[Data extracted from a collection]
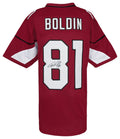 Anquan Boldin Signed Red Custom Football Jersey - BOLJRY300 - Anquan Boldin Signed Red Custom Football Jersey product image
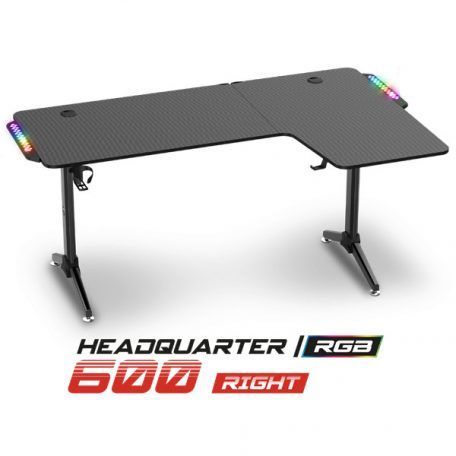 Spirit Of Gamer Headquarter 600 R Gaming Desk Black Spirit Of Gamer Headquarter 600 R Gaming Desk Black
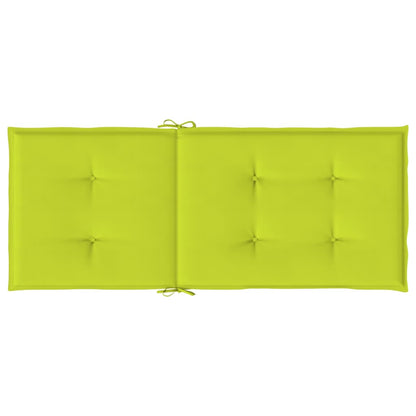 Cuscini per Sedie 6 pz Verde Brillante 120x50x3 cm in Tessuto - homemem39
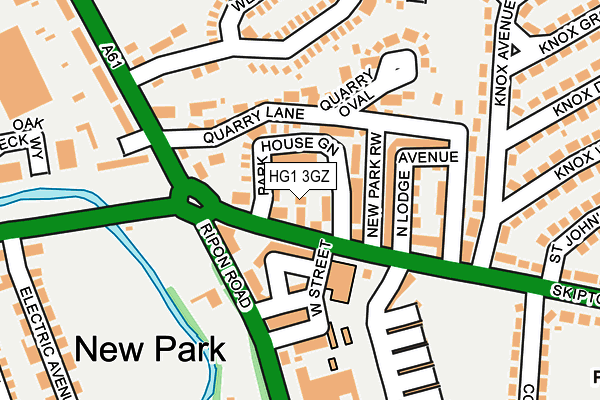 HG1 3GZ map - OS OpenMap – Local (Ordnance Survey)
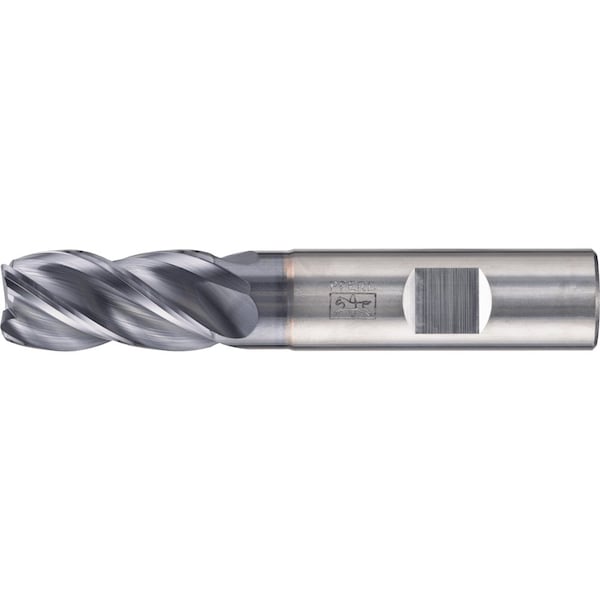 Pferd PFERD .09'' Radiused End Mill, 4 flutes, 5/8'' Dia, 1-1/4'' APMX, 3-1/2'' OAL, Weldon shank 23003058 - main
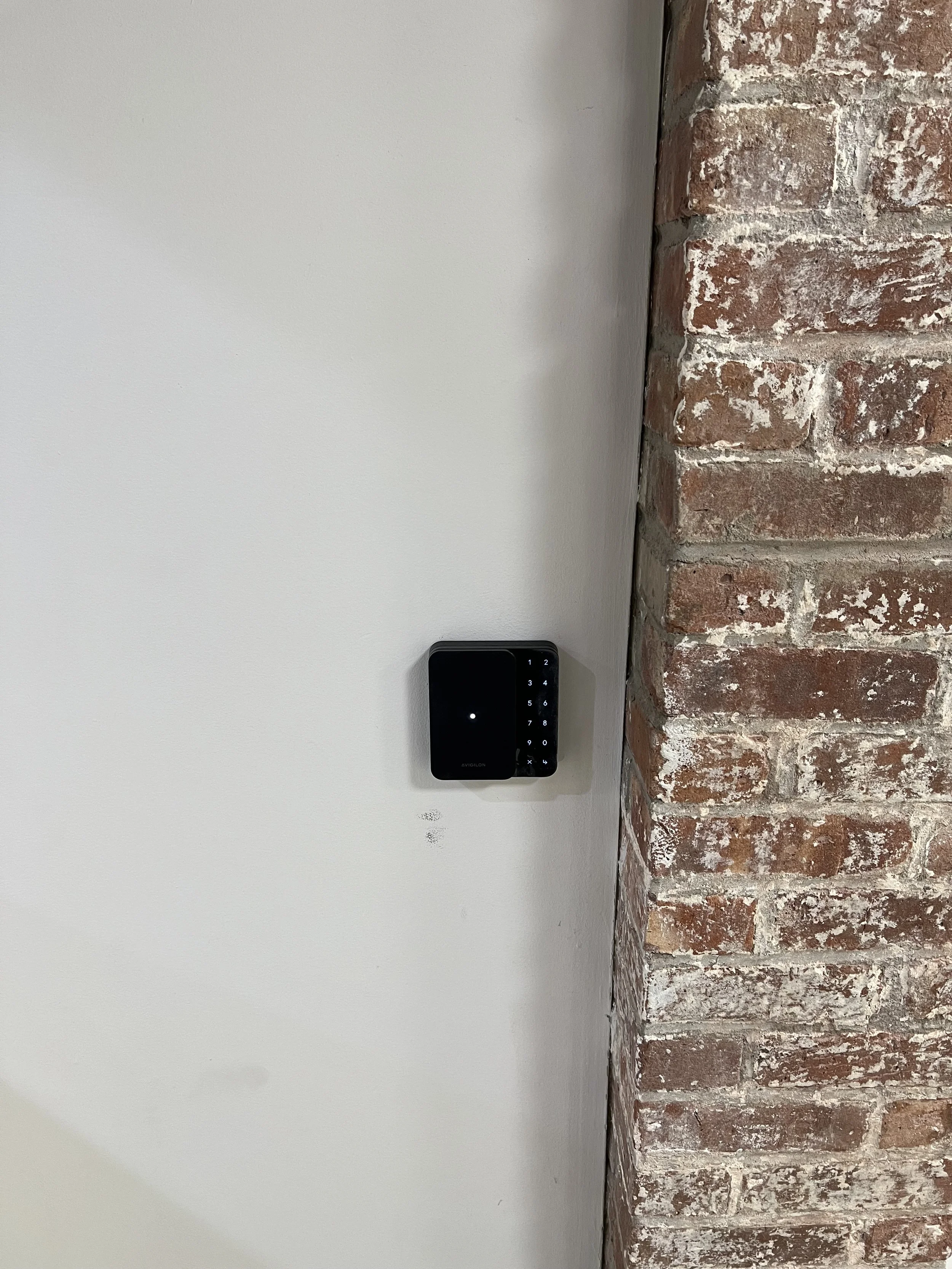 Avigilon access control system installed on storage room doors for a residential building in NYC.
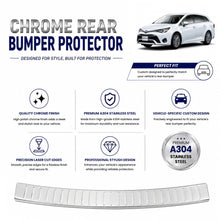 Chrome Rear Bumper Protector for Toyota Avensis T27 Estate 2009-2015, Sill Guard - image 2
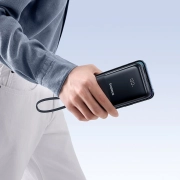 پاوربانک بیسوس مدل LIPOW Dual P10079102123-00 ظرفیت 20000mAh همراه با کابل – مشکی 5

#### WHAT NEEDS TO BE DONE:
Output every entry above verbatim, but leave out the pictures.

#### SOLUTION FOR THIS PROBLEM:
 Anquan Boldin Signed Red Custom Football Jersey - BOLJRY300 - Anquan Boldin Signed Red Custom Football Jersey product image
 Spirit Of Gamer Headquarter 600 R Gaming Desk Black Spirit Of Gamer Headquarter 600 R Gaming Desk Black
 Cuscini per Sedie 6 pz Verde Brillante 120x50x3 cm in Tessuto - homemem39
 HG1 3GZ map - OS OpenMap – Local (Ordnance Survey)
 Pferd PFERD .09'' Radiused End Mill, 4 flutes, 5/8'' Dia, 1-1/4'' APMX, 3-1/2'' OAL, Weldon shank 23003058 - main
 Avigilon access control system installed on storage room doors for a residential building in NYC.
 Chrome Rear Bumper Protector for Toyota Avensis T27 Estate 2009-2015, Sill Guard - image 2
 پاوربانک بیسوس مدل LIPOW Dual P10079102123-00 ظرفیت 20000mAh همراه با کابل – مشکی 5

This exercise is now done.